The output should match, line for line, the records from the line containing "Set of 6 Waterford" through the line containing "画像: No.250 企業ロゴシリーズ", with every picture left out.
= Beginning of Section =
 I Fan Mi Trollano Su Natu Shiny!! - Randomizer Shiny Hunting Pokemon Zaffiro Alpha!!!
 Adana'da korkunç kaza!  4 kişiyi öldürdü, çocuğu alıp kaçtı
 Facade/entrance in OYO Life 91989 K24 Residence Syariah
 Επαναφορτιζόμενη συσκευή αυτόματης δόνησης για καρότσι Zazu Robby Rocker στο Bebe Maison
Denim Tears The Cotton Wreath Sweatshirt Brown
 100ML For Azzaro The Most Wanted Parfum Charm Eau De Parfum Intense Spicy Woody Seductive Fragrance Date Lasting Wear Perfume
= End of Section =
= Beginning of Section =
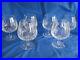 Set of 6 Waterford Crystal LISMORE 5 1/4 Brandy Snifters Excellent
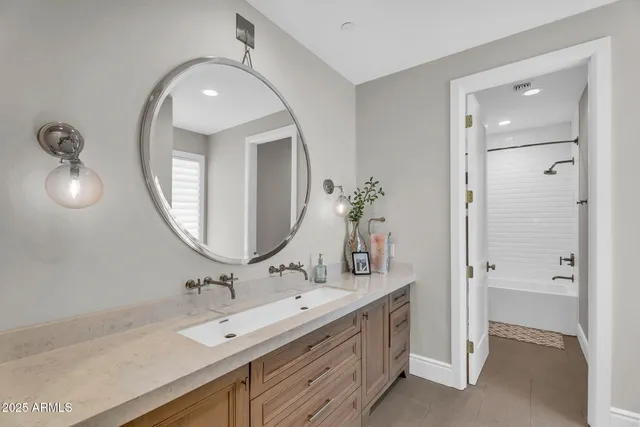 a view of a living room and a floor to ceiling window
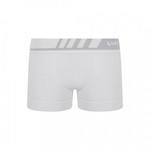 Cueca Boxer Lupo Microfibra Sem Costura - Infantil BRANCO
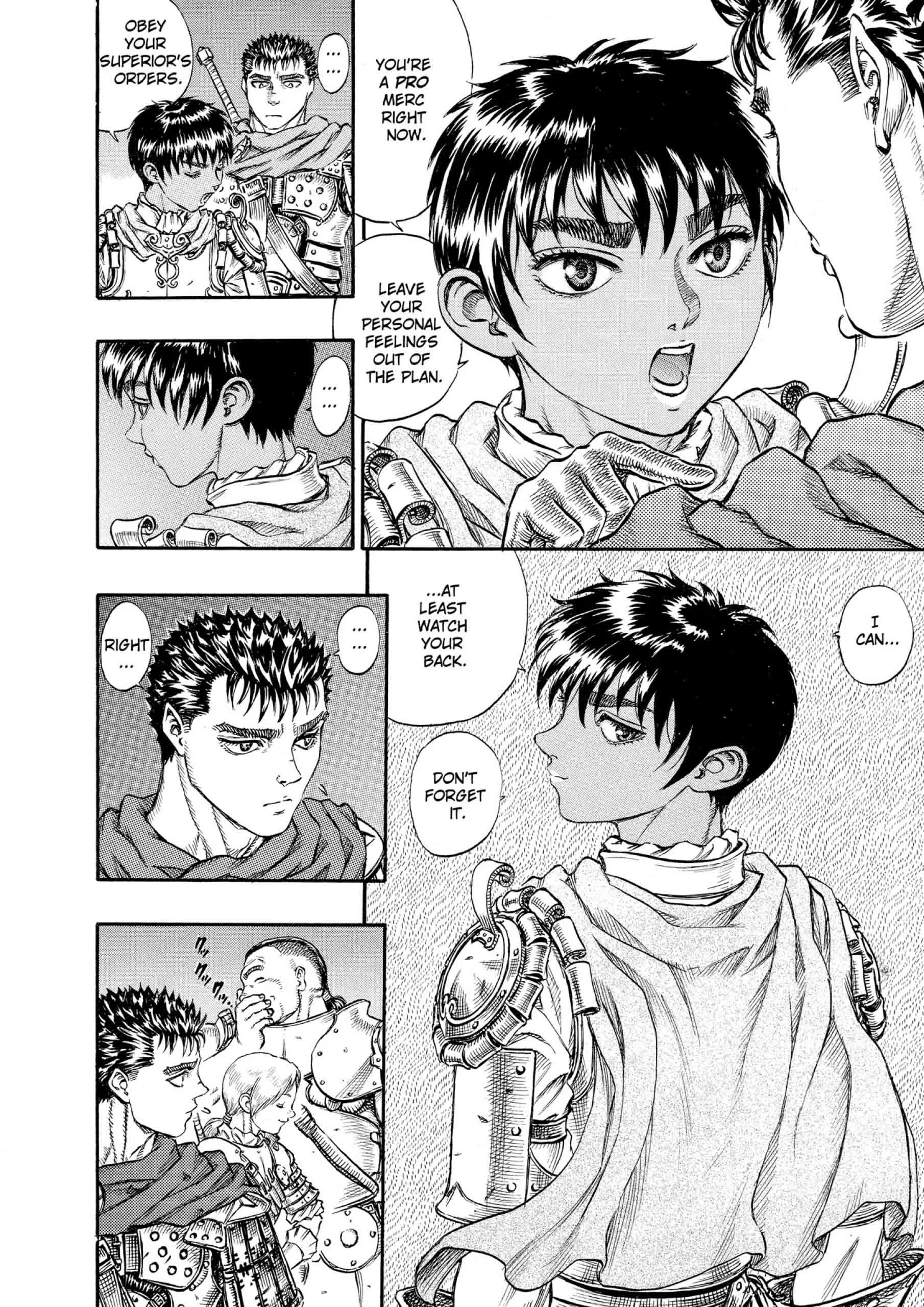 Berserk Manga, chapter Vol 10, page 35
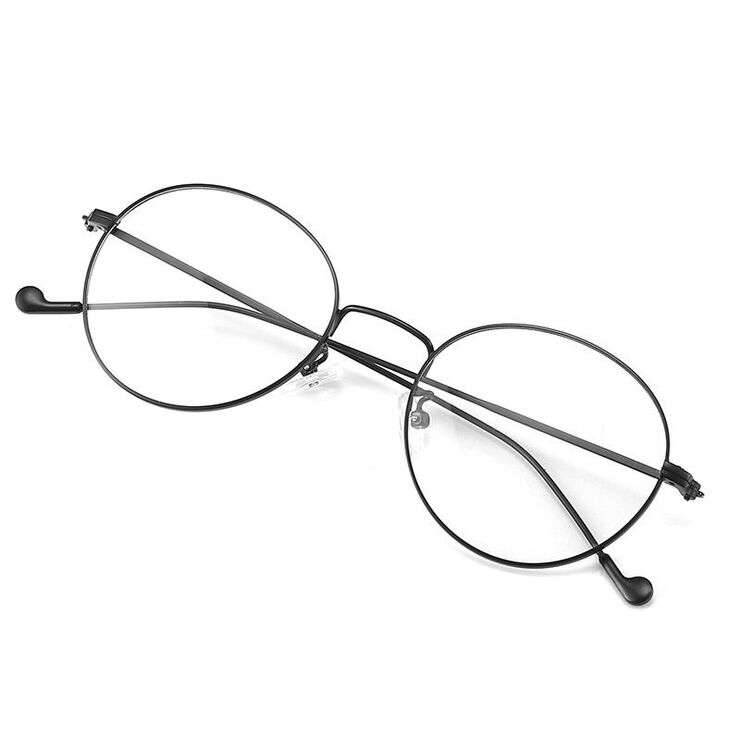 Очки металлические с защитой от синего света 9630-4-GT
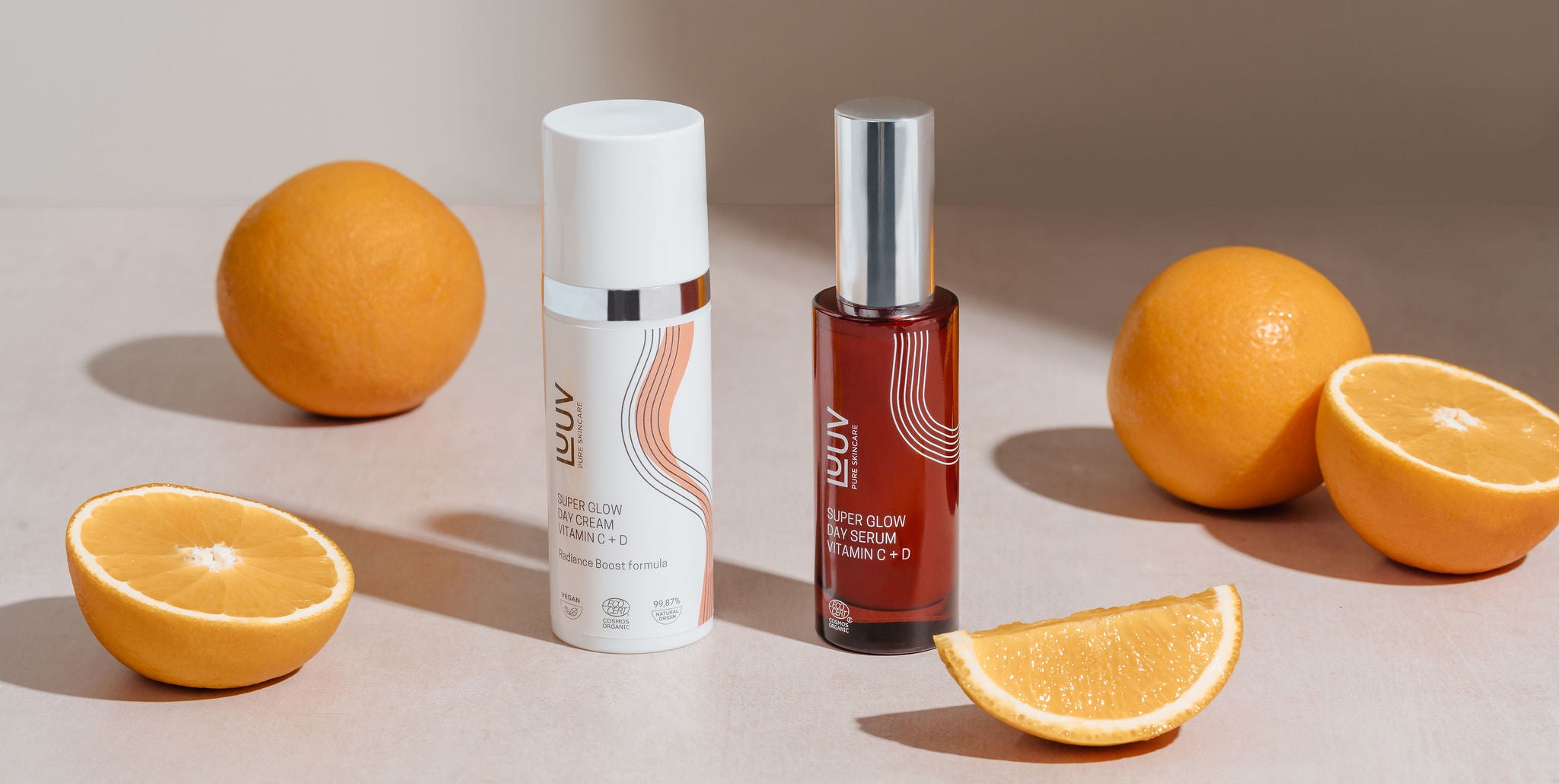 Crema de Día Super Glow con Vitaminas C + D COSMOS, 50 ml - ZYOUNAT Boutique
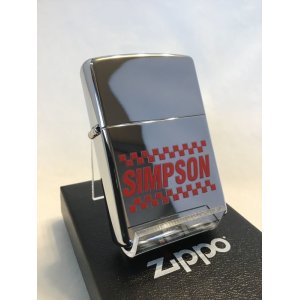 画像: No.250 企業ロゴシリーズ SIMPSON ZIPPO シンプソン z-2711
= End of Section =
# TASK SOLUTION:
 Set of 6 Waterford Crystal LISMORE 5 1/4 Brandy Snifters Excellent
 a view of a living room and a floor to ceiling window
 Cueca Boxer Lupo Microfibra Sem Costura - Infantil BRANCO
 Berserk Manga, chapter Vol 10, page 35
 Очки металлические с защитой от синего света 9630-4-GT
 Crema de Día Super Glow con Vitaminas C + D COSMOS, 50 ml - ZYOUNAT Boutique
 画像: No.250 企業ロゴシリーズ SIMPSON ZIPPO シンプソン z-2711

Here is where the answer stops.